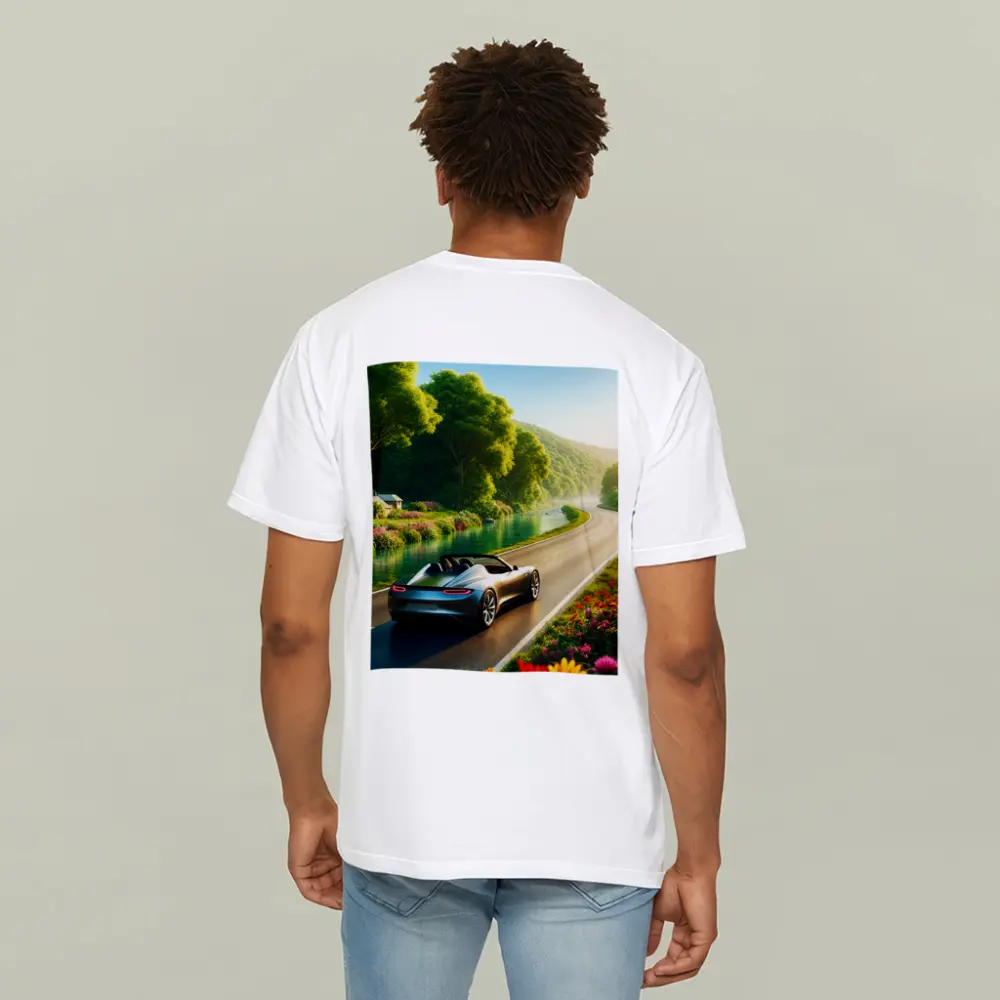 Tesla Roadster Convertible Scenic Country Road Drive – T-Shirts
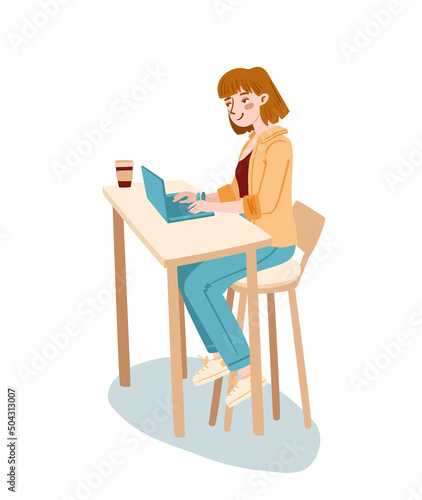 The girl sits on a chair and works on a laptop at the table. There is a cup of coffee on the table. Drawn in sketch style. Vector illustration for designs, prints, patterns. Isolated on white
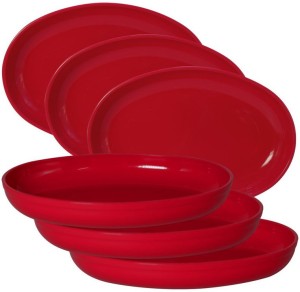 Wonder Plastic Sigma Snacker plate, Set of 6, 500 ml, Red Color Quarter Plate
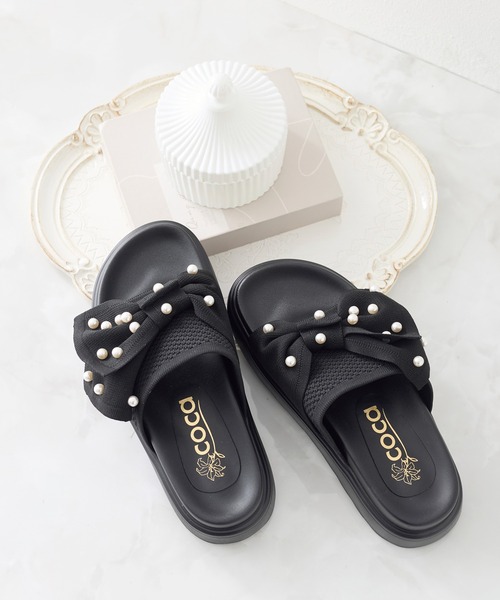 coca(ANDEX shoes product)(コカ)の「厚底 パールリボン ニットサンダル(サンダル・レディース・ベージュ/ブラック・SMALL/MEDIUM/LARGE)」の21枚目の写真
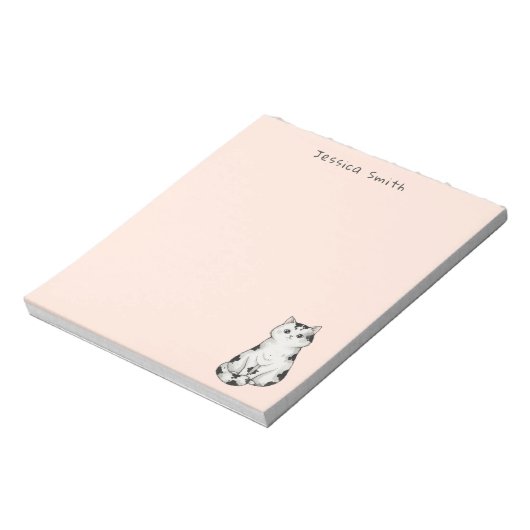 Cute whimsical Black and white Cat  Pink Notepad Notizblock (Rotiert)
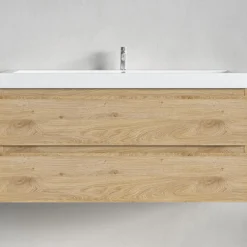 Lomazoo Badmeubelset Avalon 100 Cm - Licht Eiken - Wastafel Wit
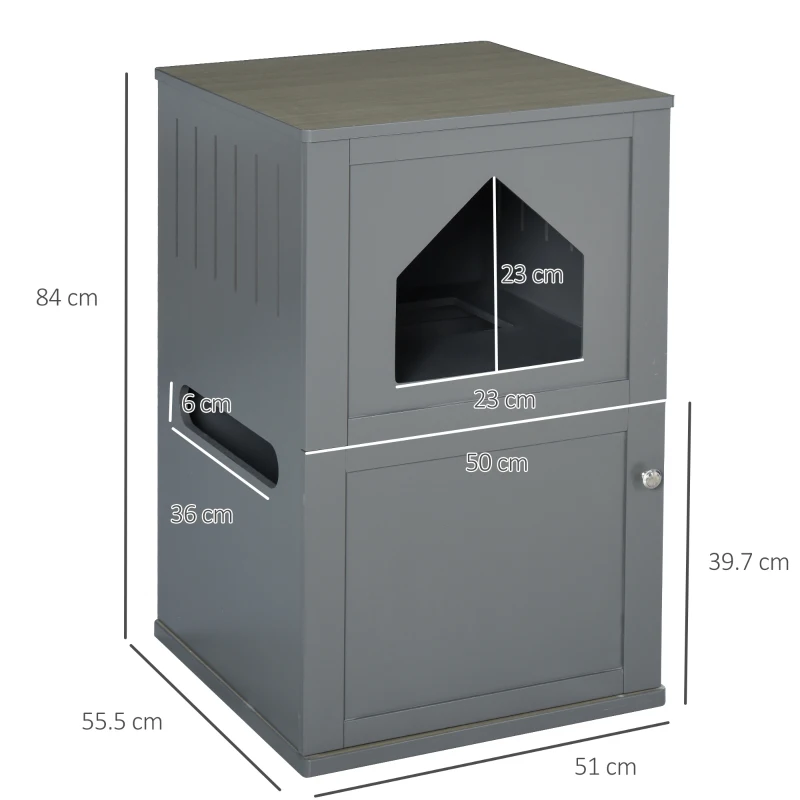 PawHut Double-Decker Cat Litter Box 2 Story Pet Crate Luxury Toilet House, Grey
================================
> Task description: Only the lines from the line that contains "Wonder Plastic Sigma" through the end of the entries are to be written out, exactly and without pictures, both ends included.

> Task solution:
 Wonder Plastic Sigma Snacker plate, Set of 6, 500 ml, Red Color Quarter Plate
 coca(ANDEX shoes product)(コカ)の「厚底 パールリボン ニットサンダル(サンダル・レディース・ベージュ/ブラック・SMALL/MEDIUM/LARGE)」の21枚目の写真
 Cute whimsical Black and white Cat  Pink Notepad Notizblock (Rotiert)
 Lomazoo Badmeubelset Avalon 100 Cm - Licht Eiken - Wastafel Wit
 PawHut Double-Decker Cat Litter Box 2 Story Pet Crate Luxury Toilet House, Grey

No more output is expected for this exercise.